From the line that contains "Dil-E-Bahar Saree Purple" to the last line of the data below, transcribe every line exactly. Do not include the pictures.

**Dataset section**:

• • •

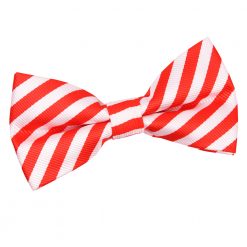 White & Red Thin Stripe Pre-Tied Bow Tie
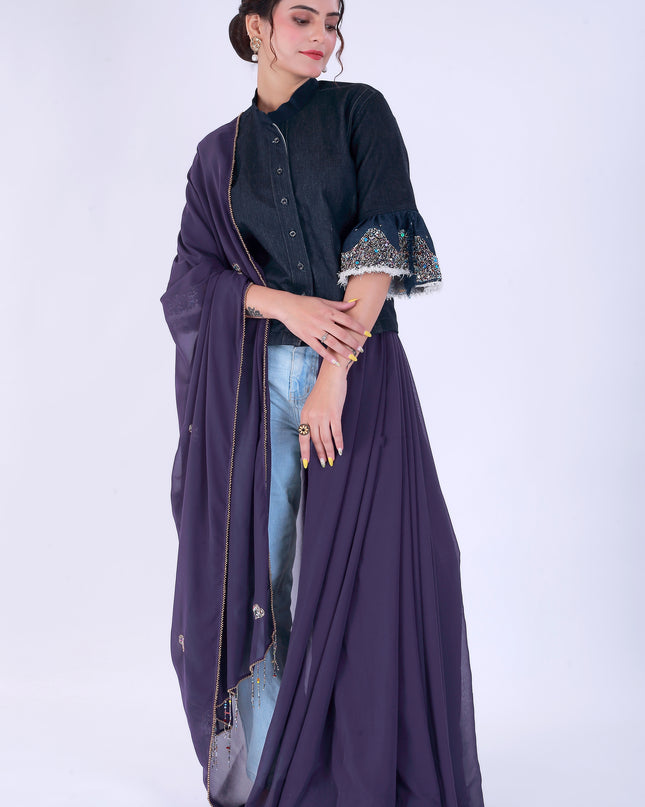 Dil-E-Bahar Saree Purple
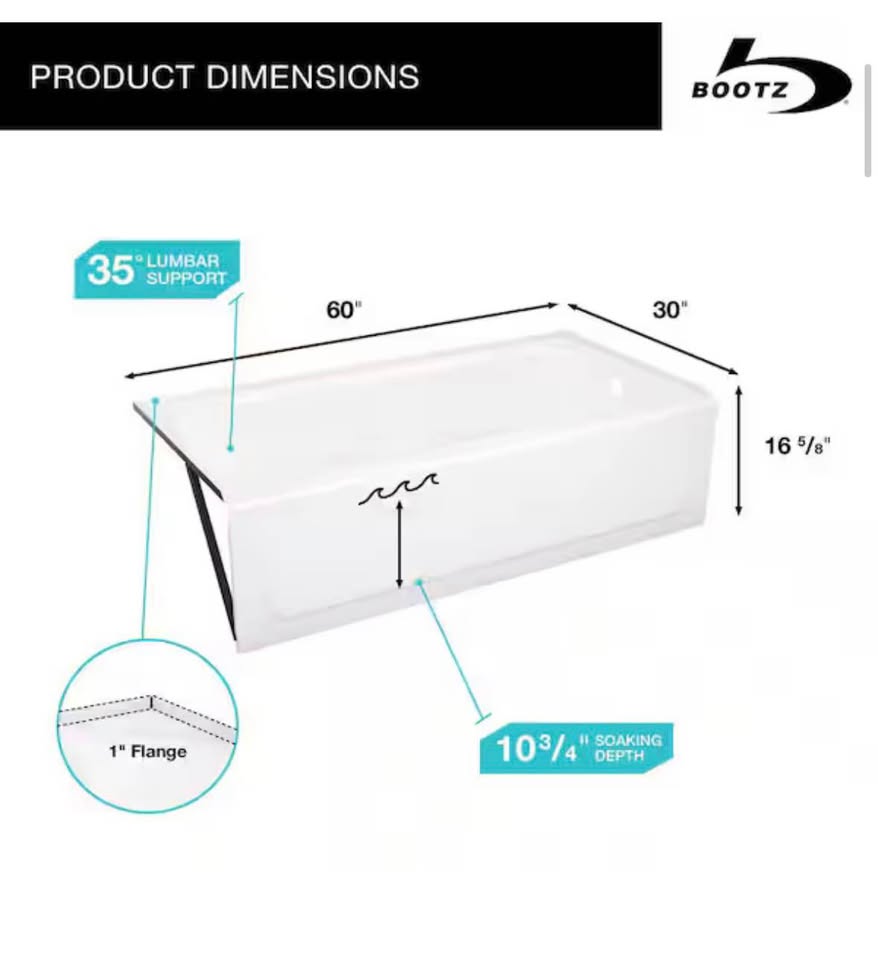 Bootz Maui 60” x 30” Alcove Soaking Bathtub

• • •

**Solution to this exercise**:
 Dil-E-Bahar Saree Purple
 Bootz Maui 60” x 30” Alcove Soaking Bathtub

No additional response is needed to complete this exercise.